En ce beau matin de juin 2001, Lorenzo Moscati, bientôt trente ans, tout à son bonheur de partager son existence avec Francesca, ne voit pas la voiture qui va le renverser. Allongé sur le bitume, il revoit sa vie. Nous sommes en 1978, il a six ans. Son père est communiste, tous les dimanches il l'emmène sur la tombe de Gramsci, père fondateur du PCI et lui fait écouter les chansons de Fabrizio De André, alors qu'il préfère Lucio Battisti. Sa mère est toujours migraineuse. Les vacances il les passe chez son grand-père Nonno à Todi, il occupe son temps à observer les oiseaux dans le campanile, à pêcher. Le grand-père à la maison, on en parle pas, on est fâché avec lui à cause de son passé mussolinien : pendant la guerre il aurait commis des atrocités. Lorenzo l'adore. Ce sont les années de plomb marquées par l'enlèvement d'Aldo Moro, l'attentat de la gare de Bologne, les assassinats... Lorenzo et ses amis se passionnent pour le foot et l'AS Roma, surtout pas le Lazio, mais il écoute les matchs à la radio car son père ne veut pas qu'il fréquente les stades. Subitement les vacances à Todi seront interdites. Il grandit et préfère les plages d'Ostie aux tomates de son grand-père. Il regarde les filles et rêve de devenir journaliste sportif. Parce que les histoires de fascisme-communisme lui ont volé son enfance, il quitte l'appartement familial, arrête l'école et prend un travail de serveur. Il en bave, mais ne se plaint jamais. Il devient militant, surtout pas communiste comme le lui a fait jurer son grand-père...

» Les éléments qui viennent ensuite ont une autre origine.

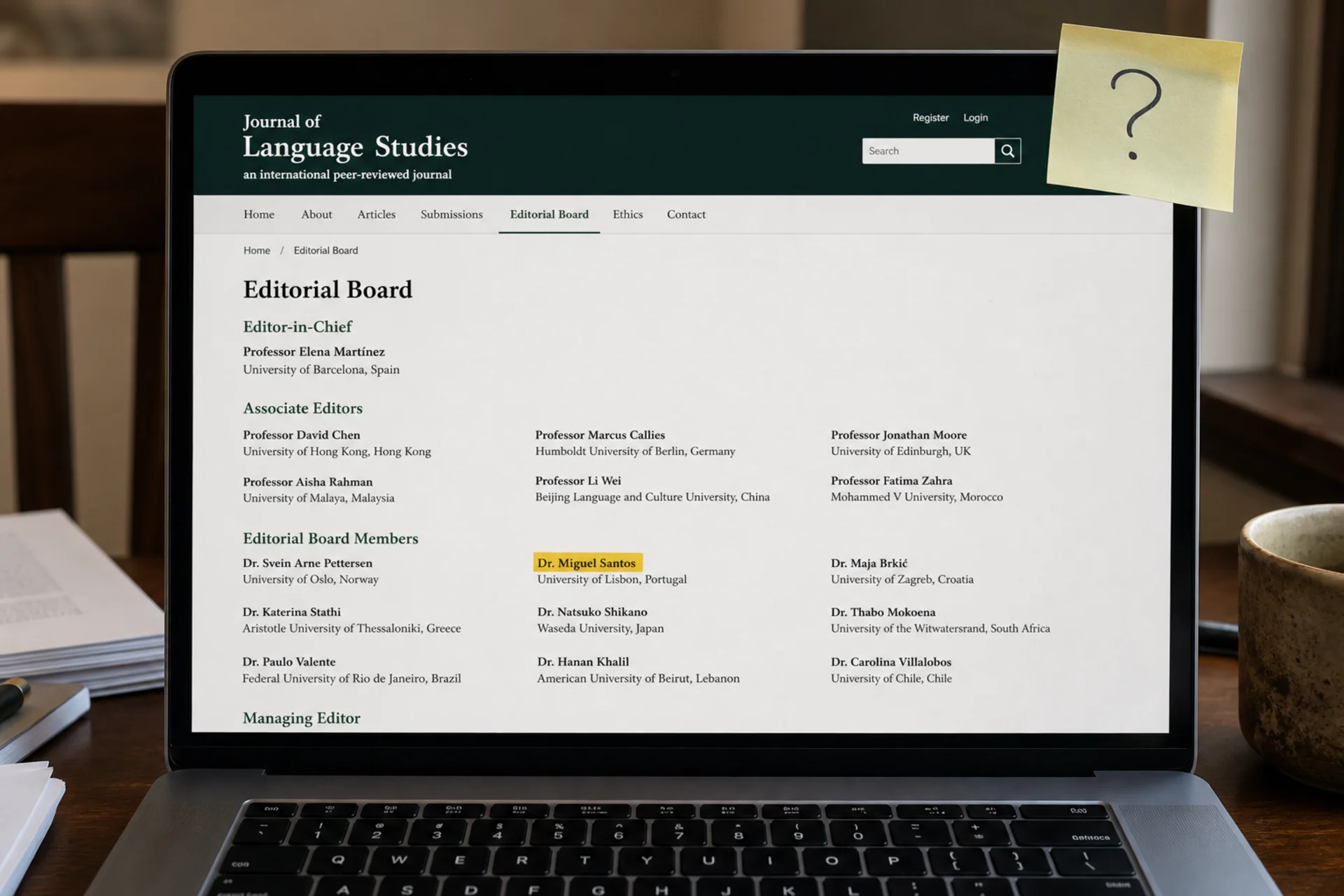 A journal website open on a laptop, its editorial board page showing.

En ce matin de juin 2001, il git sur un trottoir, il n'aspire plus qu'à un bonheur individuel, vivre avec Francesca, enfanter, enfin magari, s'il plaît à Dieu, peut-être, si seulement...
Des années de plomb aux années Berlusconi, une jeunesse italienne et un très beau roman que l'on doit à Eric Valmir, correspondant de Radio France à Rome pendant cinq ans.